__WHAT YOU NEED TO DO__.
Please write out all the data that follows exactly, without the pictures.

__MATERIAL PROVIDED__.
>>>>

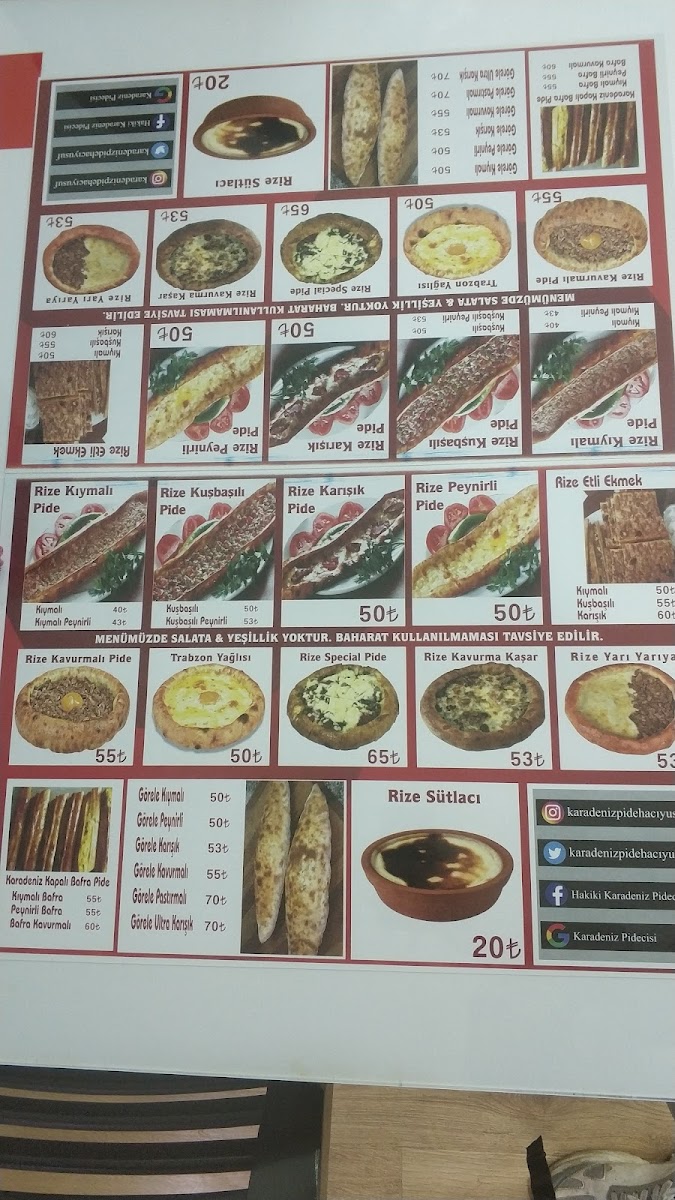 Menu Karadeniz Pide Rizeli Hacı Yusuf-7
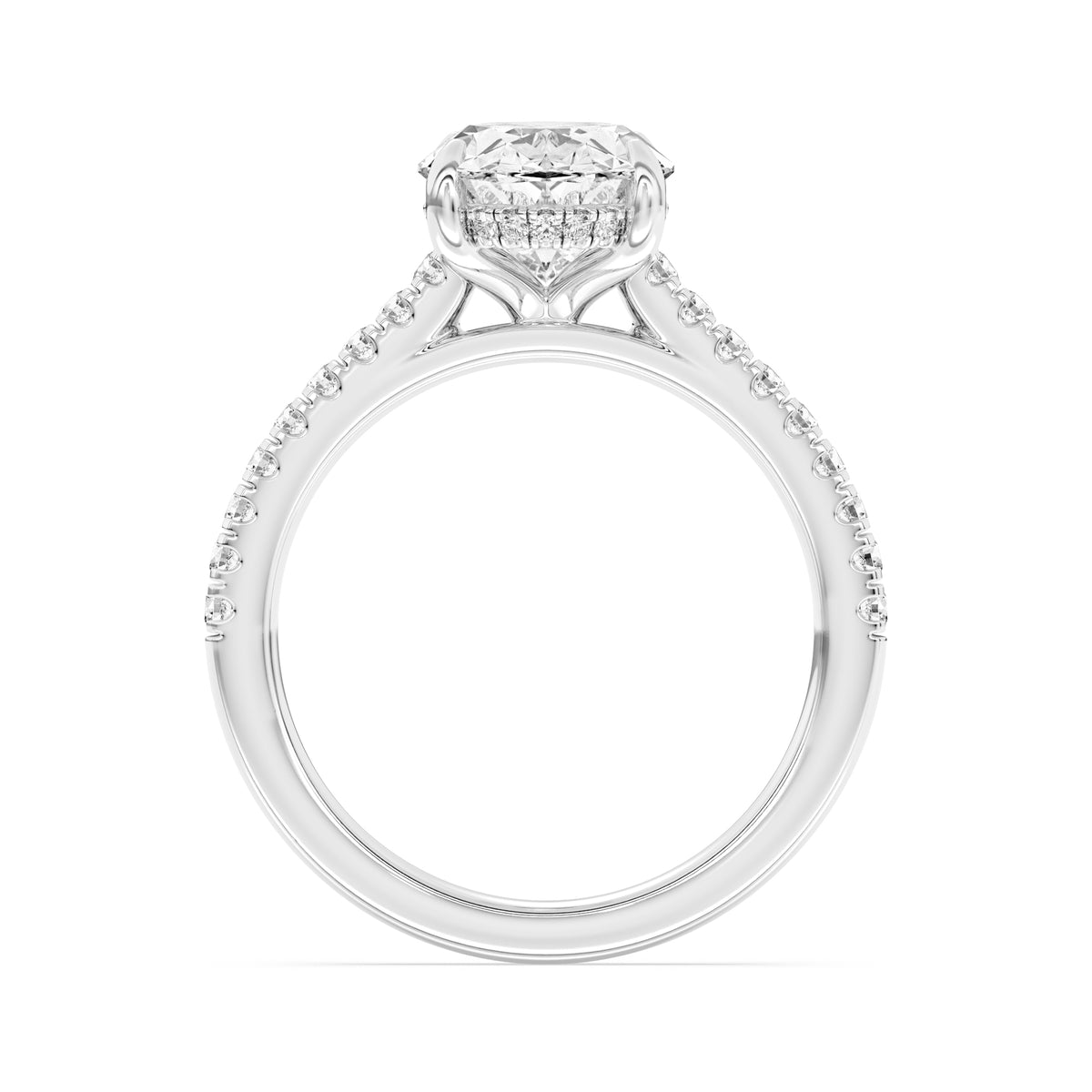 Lasker's Big Rocks Lab-Grown Diamond Collection 14Kt White Gold Hidden Halo Ring with 2.55Ct Oval Lab-Grown Center Diamond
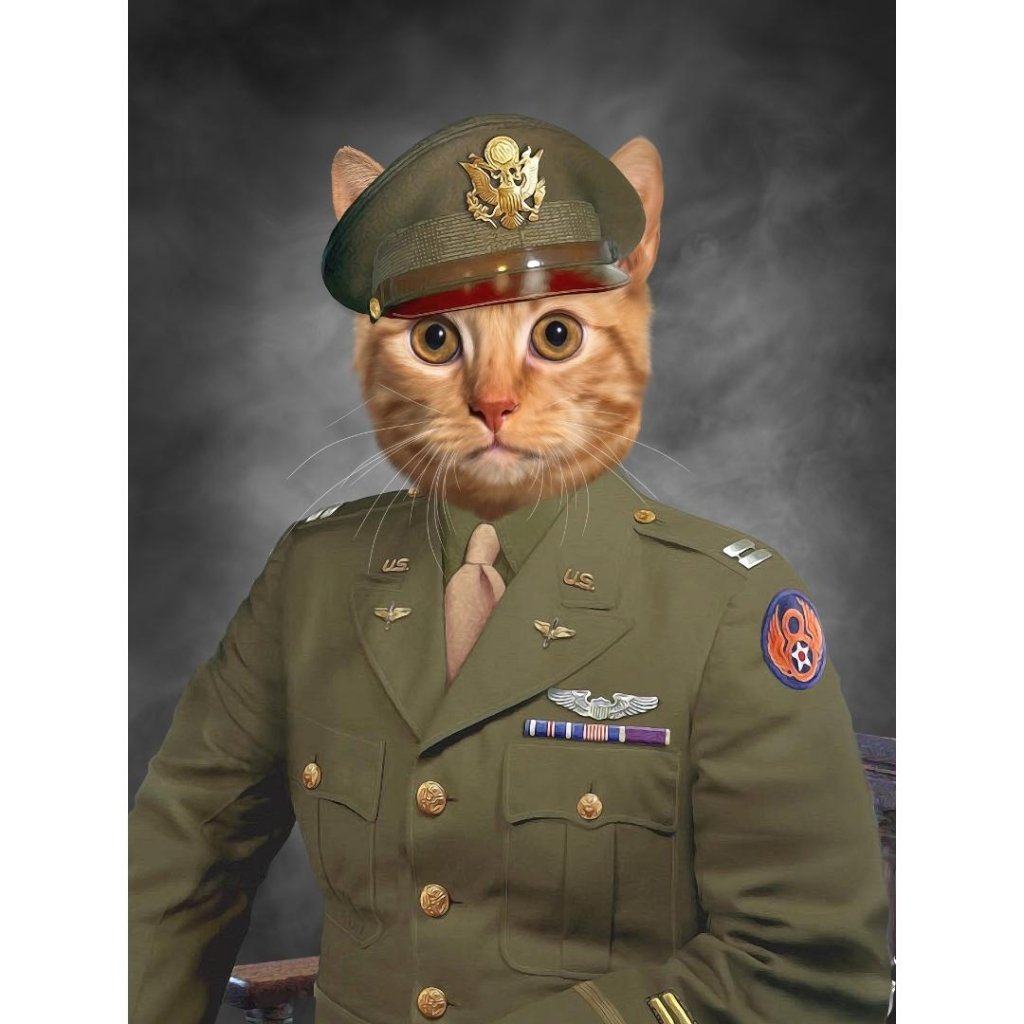 The Military Officer: Custom Digital Download Pet Portrait - Paw & Glory - Dog Portraits - Pet Portraits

<<<<

__SOLVED EXERCISE__.
 Menu Karadeniz Pide Rizeli Hacı Yusuf-7
 Lasker's Big Rocks Lab-Grown Diamond Collection 14Kt White Gold Hidden Halo Ring with 2.55Ct Oval Lab-Grown Center Diamond
 The Military Officer: Custom Digital Download Pet Portrait - Paw & Glory - Dog Portraits - Pet Portraits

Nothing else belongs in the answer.